Order Fixing July 31, 2018 as the Day on which Certain Provisions of the Act Come into Force: SI/2018-47
Canada Gazette, Part II, Volume 152, Number 14
July 11, 2018
ECONOMIC ACTION PLAN 2015 ACT, NO. 1
Order Fixing July 31, 2018 as the Day on which Certain Provisions of the Act Come into Force
P.C. 2018-852 June 21, 2018
Her Excellency the Governor General in Council, on the recommendation of the Minister of Citizenship and Immigration and the Minister of Public Safety and Emergency Preparedness, pursuant to subsection 176(1) of the Economic Action Plan 2015 Act, No. 1, chapter 36 of the Statutes of Canada, 2015, fixes July 31, 2018 as the day on which sections 168 and 170, subsection 171(2) and section 174 of that Act come into force.
(This note is not part of the Order.)
Pursuant to subsection 176(1) of the Economic Action Plan 2015 Act, No. 1, which received royal assent on June 23, 2015, this Order in Council fixes July 31, 2018, as the day on which sections 168 and 170, subsection 171(2) and section 174 of that Act come into force. These provisions amend the Immigration and Refugee Protection Act (IRPA).
The purpose of this Order in Council is to bring into force provisions of the Economic Action Plan 2015 Act, No. 1 that expand the biometrics collection and verification requirement from prescribed foreign nationals to include all persons making a claim, application or request under the IRPA.
Canada’s immigration and border authorities have been collecting biometric information since 1993 through discretionary authorities under the IRPA. In 2013, Immigration, Refugees and Citizenship Canada and its partners implemented the Temporary Resident Biometrics Project (TRBP).

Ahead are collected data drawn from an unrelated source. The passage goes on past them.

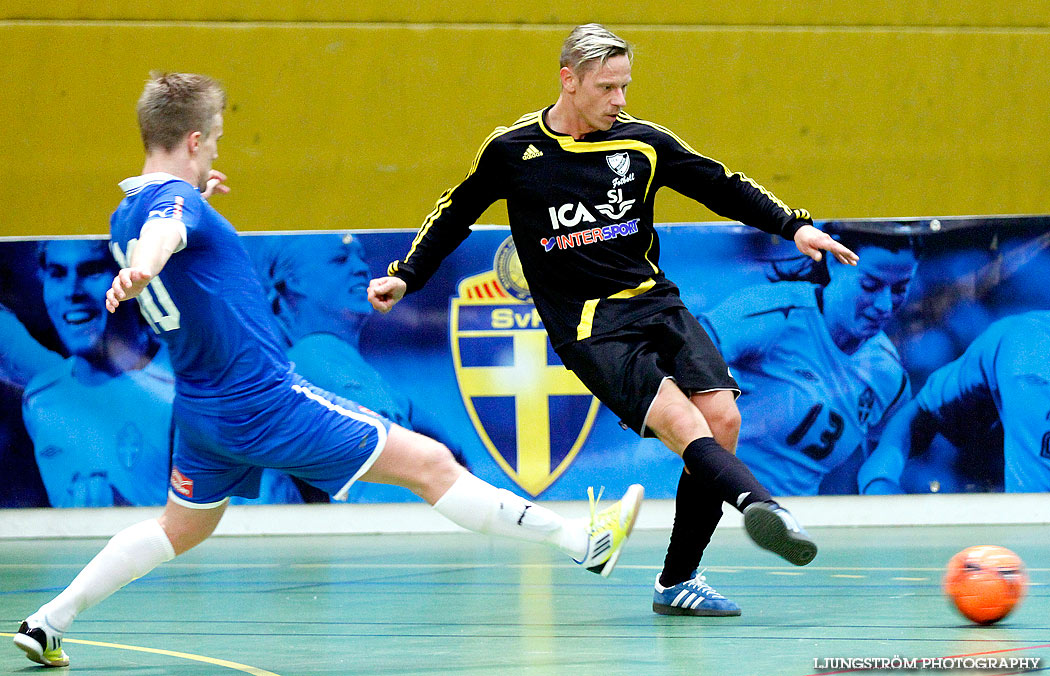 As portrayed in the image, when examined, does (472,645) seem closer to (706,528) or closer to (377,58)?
(706,528)

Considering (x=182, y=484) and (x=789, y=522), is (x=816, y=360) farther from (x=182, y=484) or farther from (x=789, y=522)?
(x=182, y=484)

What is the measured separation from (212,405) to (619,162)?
1881 millimetres

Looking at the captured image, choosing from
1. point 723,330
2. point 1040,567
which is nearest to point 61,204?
point 723,330

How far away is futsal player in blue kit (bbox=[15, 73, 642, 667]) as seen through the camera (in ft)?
12.4

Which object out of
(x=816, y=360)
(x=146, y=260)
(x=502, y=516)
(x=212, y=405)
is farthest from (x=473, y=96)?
(x=146, y=260)

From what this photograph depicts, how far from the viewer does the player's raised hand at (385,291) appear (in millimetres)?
4668

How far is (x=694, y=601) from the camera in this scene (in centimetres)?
489

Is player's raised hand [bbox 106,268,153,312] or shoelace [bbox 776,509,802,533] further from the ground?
player's raised hand [bbox 106,268,153,312]

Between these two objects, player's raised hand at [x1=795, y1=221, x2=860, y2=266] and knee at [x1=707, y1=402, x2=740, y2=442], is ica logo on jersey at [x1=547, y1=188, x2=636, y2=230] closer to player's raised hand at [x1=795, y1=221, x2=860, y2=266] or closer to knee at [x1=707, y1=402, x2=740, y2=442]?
player's raised hand at [x1=795, y1=221, x2=860, y2=266]

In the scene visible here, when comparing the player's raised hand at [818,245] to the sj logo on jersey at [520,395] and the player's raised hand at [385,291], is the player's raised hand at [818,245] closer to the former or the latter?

Through the TRBP, as set out in regulations, foreign nationals from 29 visa-required countries and one territoryfootnote 1 are required to provide biometric information (i.e. fingerprints and photograph) in support of their temporary resident visa, work permit or study permit applications. Biometrics have also been collected from overseas refugee resettlement applicants since late 2014. The collection of biometric information has a long and proven record of protecting the safety and security of Canadians and of bolstering the integrity of Canada’s immigration system while facilitating the movement of legitimate travellers.
The Government of Canada recognized that expanding the TRBP model to other immigration programs would capitalize on the benefits of biometrics. As a result, the Biometrics Expansion Project was initiated. In June 2015, amendments to the IRPA were approved through the Economic Action Plan 2015 Act, No. 1. These amendments expand the biometrics collection and verification requirement to include all persons applying under IRPA and set out that regulations may provide for any matter relating to its application. The Immigration and Refugee Protection Regulations (the Regulations) are being amended to prescribe the procedure for the collection and verification of biometric information.
This Order in Council is required to bring into force legislative amendments expanding the collection and verification requirement of biometric information to all persons (unless explicitly exempt) applying under the Act, including all those seeking a temporary or permanent resident visa or status, work permit, study permit, or temporary resident permit.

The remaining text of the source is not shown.